PROBLEM REQUIREMENTS: With every picture left out, give the data below back exactly.

___ THE DATA ___

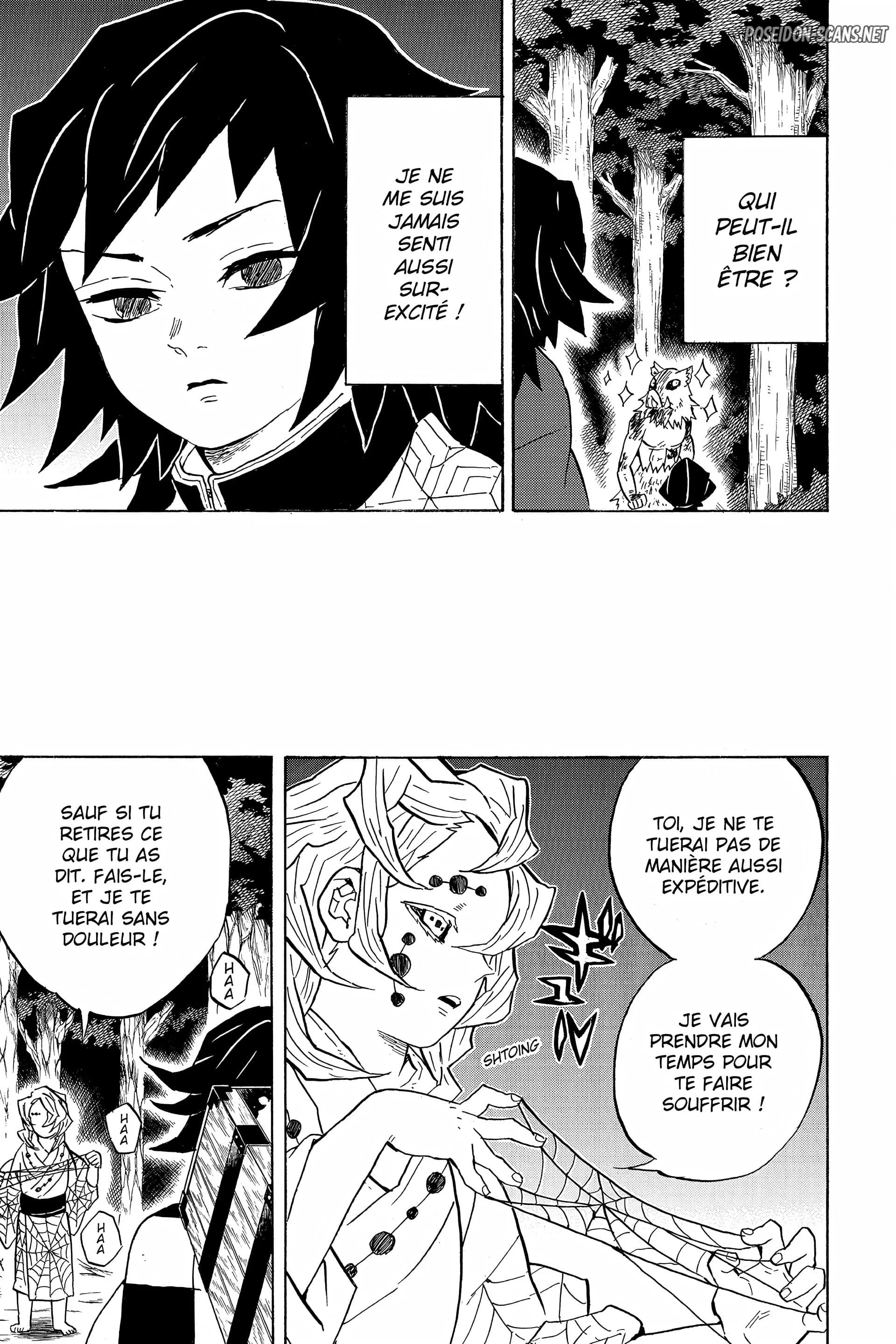 Chapter Image 223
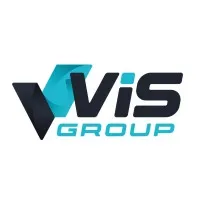 VIS GROUP PTY LTD VIS GROUP PTY LTD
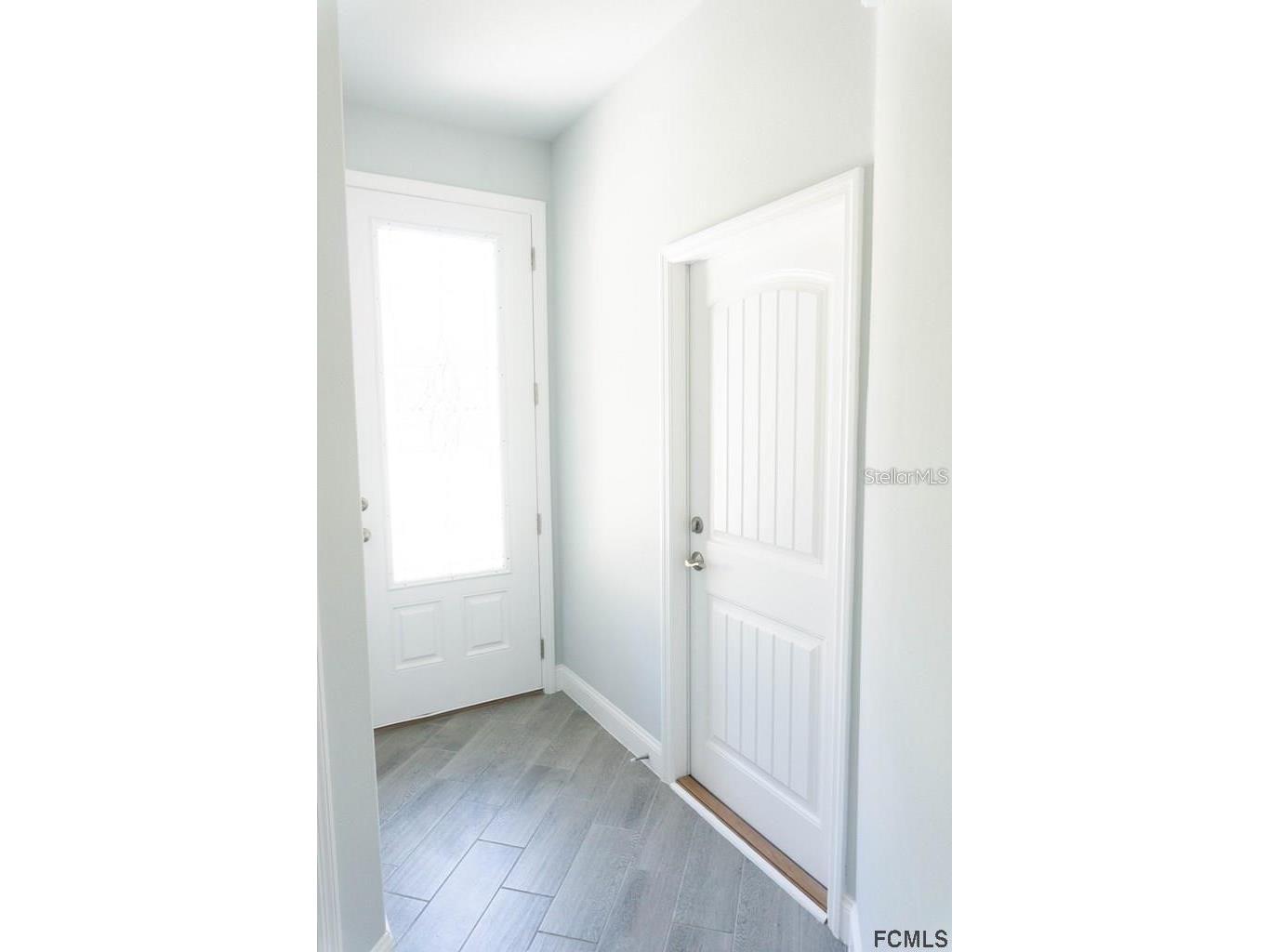 214 Coral Reef Court N #B Palm Coast FL 32137 FC318991 image2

___

SOLUTION TO THE EXERCISE:
 Chapter Image 223
 VIS GROUP PTY LTD VIS GROUP PTY LTD
 214 Coral Reef Court N #B Palm Coast FL 32137 FC318991 image2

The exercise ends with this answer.